Removing duplicates from a list of lists in Python using deep copy

Question

I have a list of dictonaries - list_1 = [{'account': '1234', 'email': 'abc@xyz.com'}, ... , ...] I wanted to remove the entries with duplicate emails in the list.

import copy
list_2 = copy.deepcopy(list_1)
for i in mainList
 for j in range(len(list_2)-1, -1, -1):
   if ((list_2[j]["email"] == mainList[i])):
                    list_1.remove(list1[j])
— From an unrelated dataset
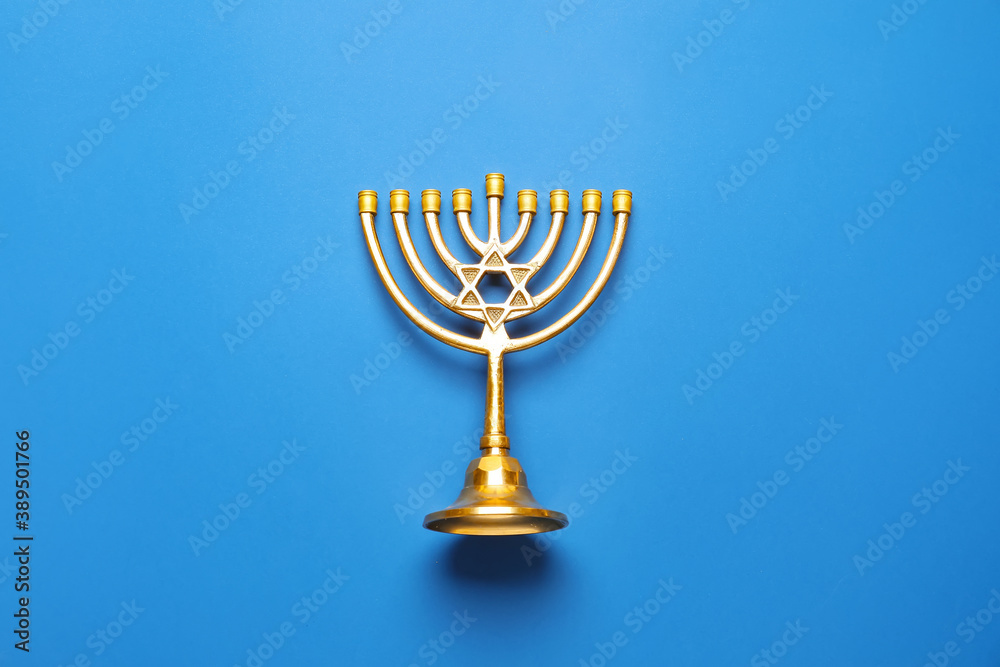 Menorah for Hanukkah on color background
MainList here is the list of emails with which I am comparing values with. mainList looks like: ['abc@xyz.com', 'efg@cvb.com, ..., ...] The main problem is list_1 is not coming out correctly. If I use list, or slicing or even list comprehension to copy it, it will come out empty. The end result should give list_1 containing only one element/list/dictonary for each email. Using copy or deep copy at least gives me something. It also seems like sometimes I am getting an indexing error. using

for x in list_2:

instead, returns list_1 with only one item. The closest I got to the correct answer was iterating over list_1 itself while removing items but it was not 100% correct. Please help.

Answer 1

iterate over your list of dictionaries and keep saving every email in a new dictionary only if it is not already present.

temp = dict()
list_1 = [{'account': '1234', 'email': 'abc@xyz.com'}]
for d in list_1:
    if d['email'] in temp:
        continue
    else:
        temp[d['email']] = d
final_list = list(temp.values())

Answer 2

Seems like you want to remove duplicate dictionaries. Please mention the duplicate dictionaries also in the problem.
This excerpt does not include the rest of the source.